Having a resident psychic keeps things interesting at the little restaurant and bar by the train tracks on Hammonds Ferry Road, says Pete Panselinos, who owns the Lansdowne Inn with Gus Kimos.

"I've seen people that they leave here and they cry and other people that are very happy leaving here," says Panselinos, a portly man with laughing eyes and a thick Greek accent. "One time there was a woman crying in the bathroom. It took hours to get her out of here. I said [to Miss Betty], 'What you tell that lady? Don't tell people bad things. Only tell people the good things.' "
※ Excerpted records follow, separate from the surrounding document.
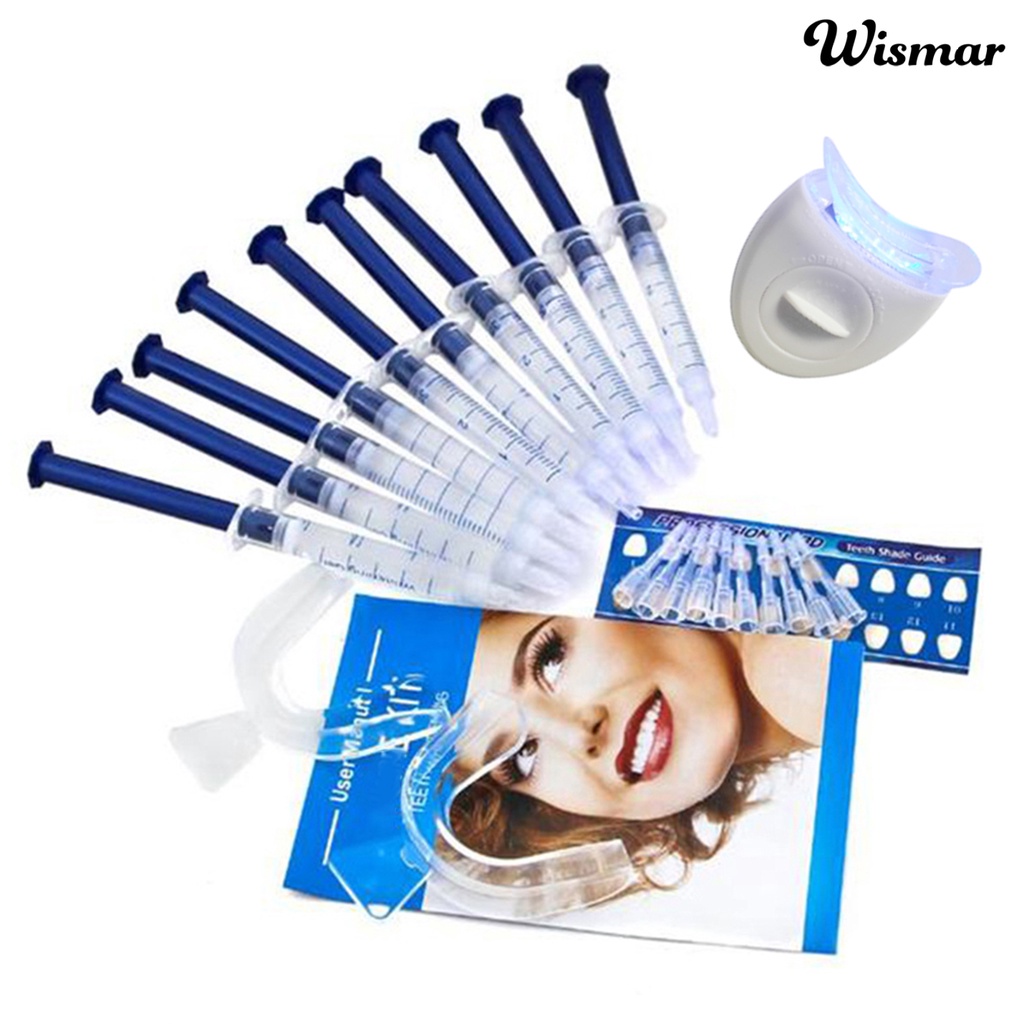 Bộ dụng cụ làm trắng răng chuyên nghiệp có đèn LED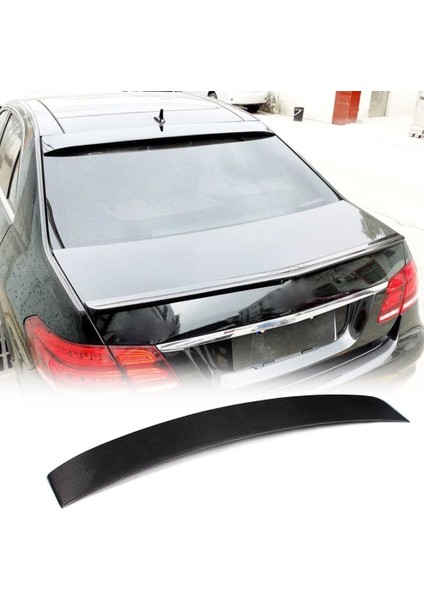 Mercedes w212 cam üstü spoiler siyah boyalı plastik 2009 / 2015 fiyatları
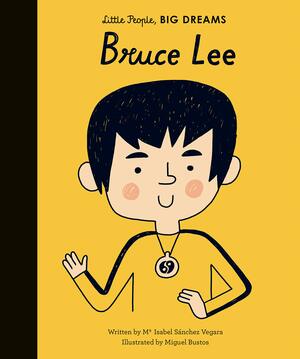 Bruce Lee by Ma Isabel Sánchez Vegara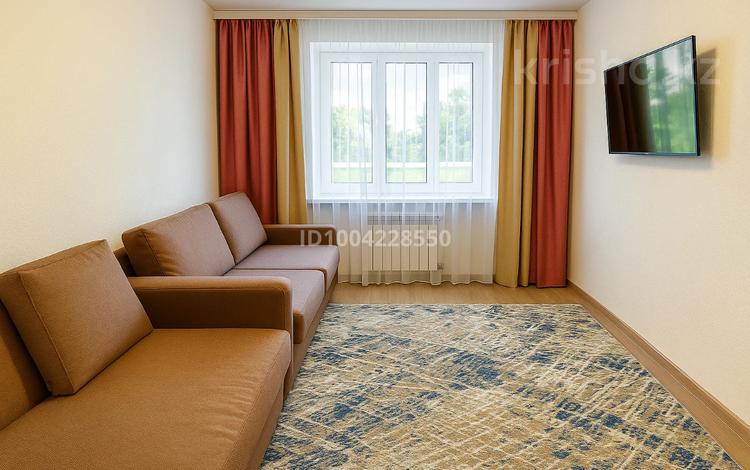 1-бөлмелі пәтер · 35 м² · 2/5 қабат, ул. Канай би 220 — Кадетский корпус, лес, конный двор, гольф клуб, Rixos боровое, бағасы: 150 000 ₸ в Щучинске — фото 2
But Miss Betty says that, in most cases, she shares her predictions whether they are positive or not. Visions of death or illness can be terrible, she says, adding, "Sometimes it feels like a curse, hon."
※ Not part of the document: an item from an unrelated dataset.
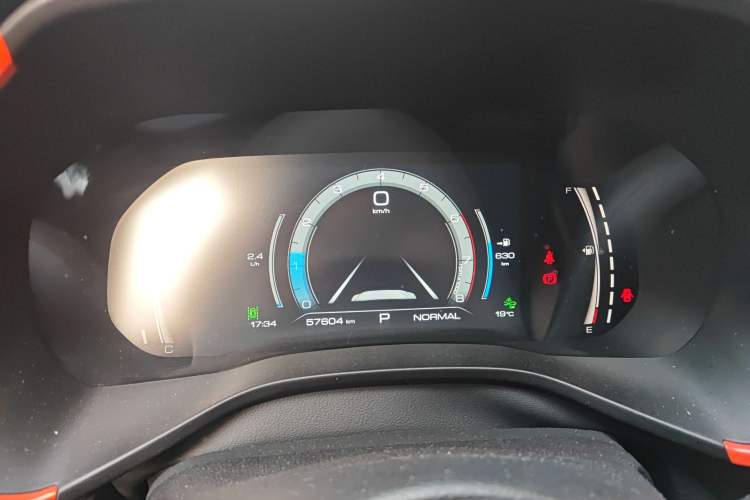 Used Haval LHERY 2021 High-Performance Version 1.5T Golden Rabbit Instrument Cluster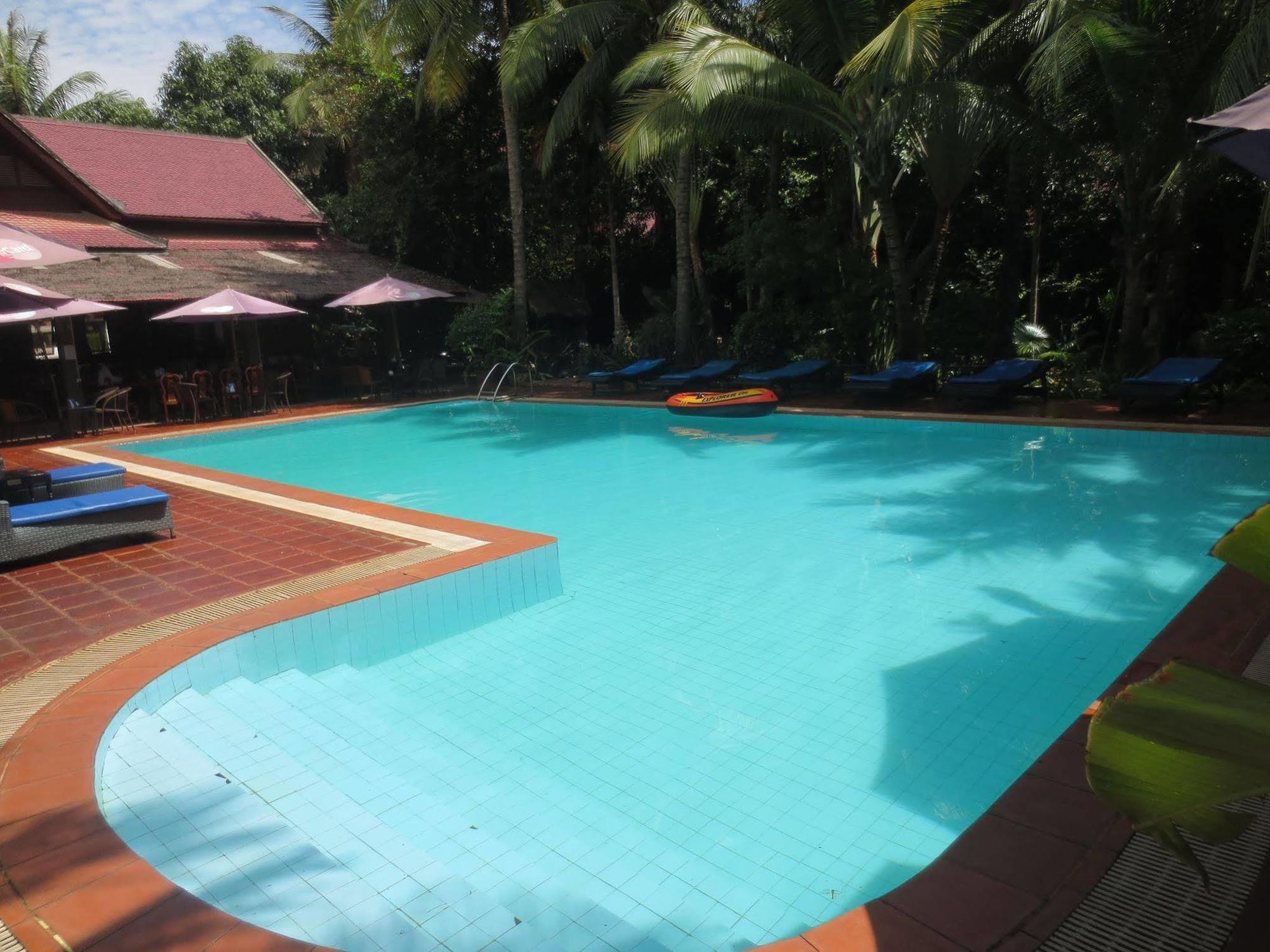 Neak Pean Hotel - Wooden House Siem Reap Ngoại thất bức ảnh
Although she believes that all people have some ability to foretell the future, Miss Betty says that she believes she has a God-given gift. When she was born, she says, a caul, or a portion of the amniotic sac, was covering her face, which some believe portends psychic ability.

At the age of 4, she left the tiny town of Moorefield, W.Va., to live with her grandparents in Baltimore's Otterbein neighborhood.

When she was 13, she watched a friend's uncle read cards, then picked them up and startled him with her own predictions. But it wasn't until she divorced her husband, the father of her five children, in 1972 that Miss Betty began to read cards regularly. Over the years, she has read cards in a number of bars, restaurants and private homes.